Z poufnych umów, do których dotarła holenderska gazeta, wynika, że Komisja Europejska przez lata dotowała organizacje ekologiczne, by te lobbowały na rzecz projektów środowiskowych byłego komisarza Fransa Timmermansa. Organizacjom wyznaczano konkretne cele lobbingowe, m.in. wśród europosłów i państw członkowskich Unii Europejskiej.
Przykładem jest Europejskie Biuro ds. Środowiska, które miało przedstawić co najmniej 16 działań skutkujących zaostrzeniem przepisów środowiskowych przez Parlament Europejski. „De Telegraaf” ujawnił także, że 700 tys. euro dotacji dla organizacji ekologicznych zostało przeznaczone na skierowanie debaty rolniczej w stronę polityki ekologicznej.
Pierwsze doniesienia o możliwym skandalu pojawiły się w mediach już wcześniej. W czerwcu 2023 r. „De Telegraaf” informował o instrukcjach dla firm dotyczących przekonywania niezdecydowanych polityków w Parlamencie Europejskim do głosowania za ustawą o odbudowie przyrody. Projekt ten budził kontrowersje w wielu krajach UE.
Unijne rybołówstwo – ofiara niejasnych działań Komisji i NGO?
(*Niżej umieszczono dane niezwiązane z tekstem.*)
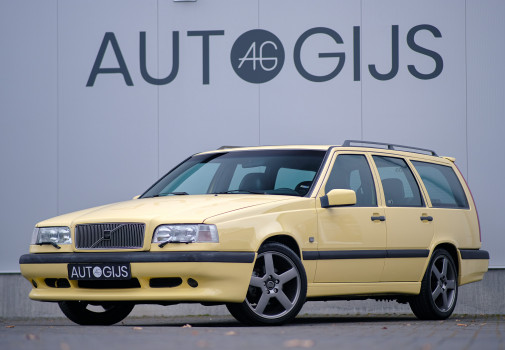 foto Volvo 850 2.3 T5-R Cream Yellow 1995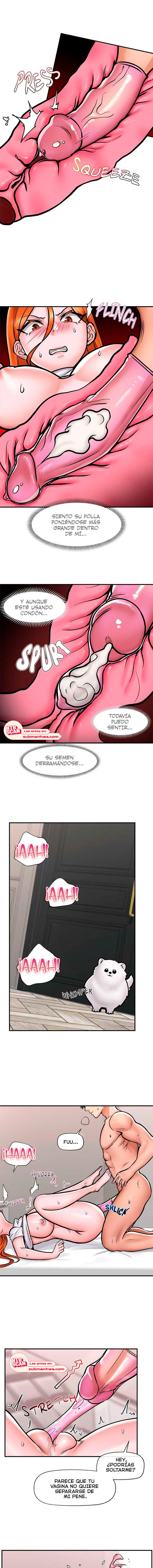 Guardia de seguridad hipnotico (Sin Censura) Capítulo 5 - Page 7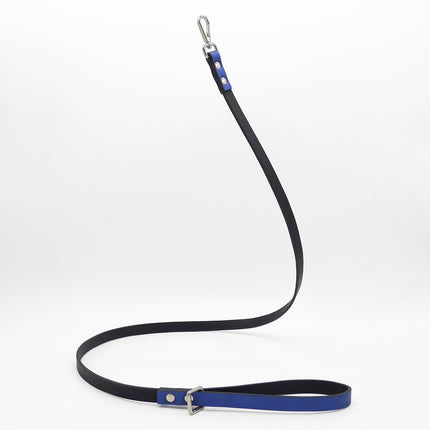 Metallic Blue-Leash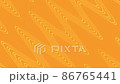 波紋　オレンジ 86765441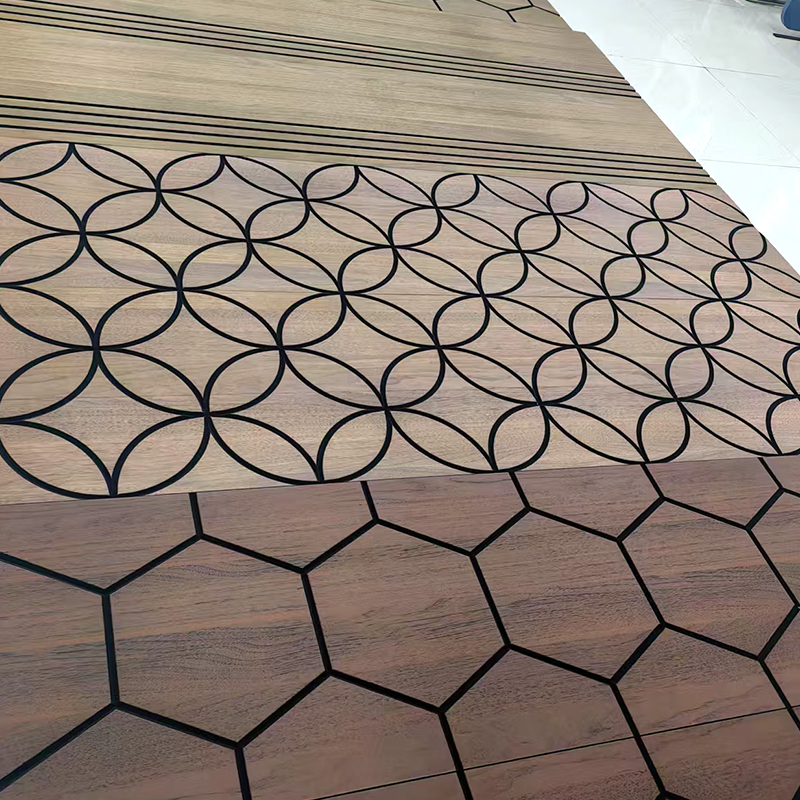 Ast-Delivery PVC- ja polyesteriakustiset paneelit – tehdashinta, ääntä vaimentava teatteri/studio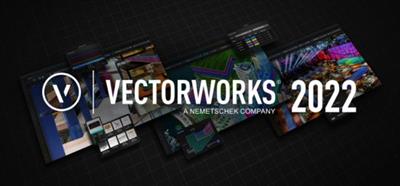 VectorWorks 2022 SP3  macOs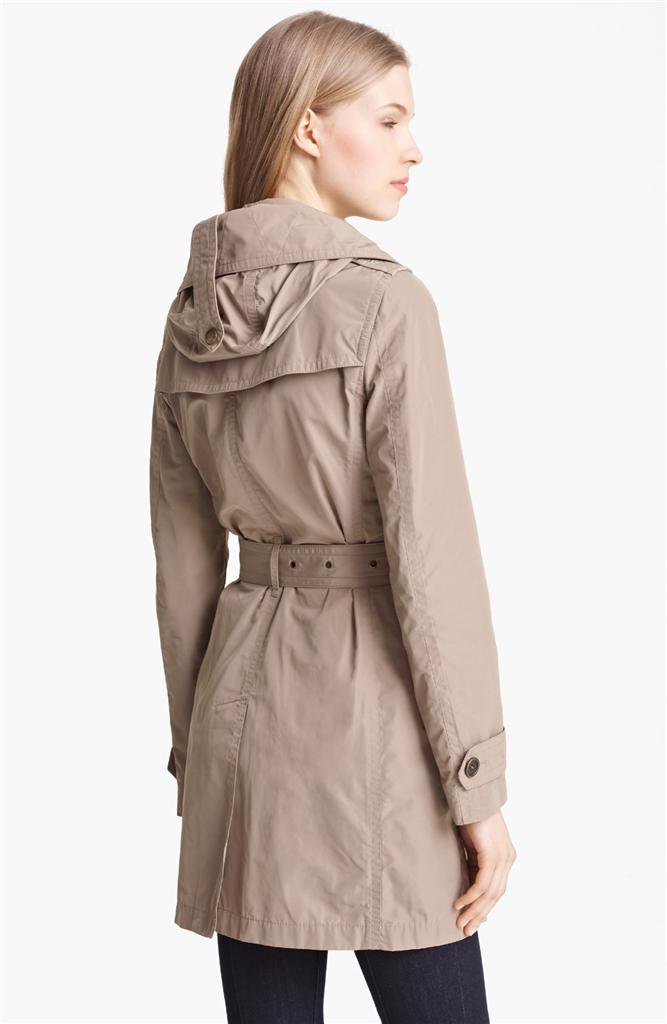 $795 Burberry Brit Balmoral Packable Trench Coat Sz 2 | eBay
Zarzuty te budzą szczególne obawy w kontekście wpływu na sektor rybołówstwa, który już teraz zmaga się z surowymi regulacjami. Wprowadzone w ramach Zielonego Ładu przepisy, takie jak Nature Restoration Law, przyczyniają się m.in. do zamykania tradycyjnych łowisk.
Jeśli unijne środki faktycznie zostały wykorzystane do wpływania na decyzje dotyczące tego sektora, może to naruszać zasady uczciwego procesu decyzyjnego w UE. W związku z tym kluczowe jest, aby do czasu niezależnego wyjaśnienia sprawy przez Europejski Urząd ds. Zwalczania Nadużyć Finansowych (OLAF), zawiesić procesy legislacyjne związane z tymi działaniami.
Sektor rybołówstwa, istotny dla bezpieczeństwa żywnościowego Europy, nie może ponosić kosztów polityki kształtowanej przez niejawne działania lobbingowe.
Komisarz Piotr Serafin potępia niedopuszczalne praktyki
Skandalem zainteresował się Parlament Europejski. Komisarz ds. budżetu Piotr Serafin jednoznacznie skrytykował ujawnione praktyki, podkreślając, że umowy lobbingowe są niedopuszczalne i należy je ukrócić.
Serafin zaznaczył, że organizacje ekologiczne nie powinny obawiać się marginalizacji w debacie publicznej, ale muszą działać w granicach przejrzystości i uczciwości. Dodał, że podjęto już działania mające zapobiec podobnym przypadkom w przyszłości.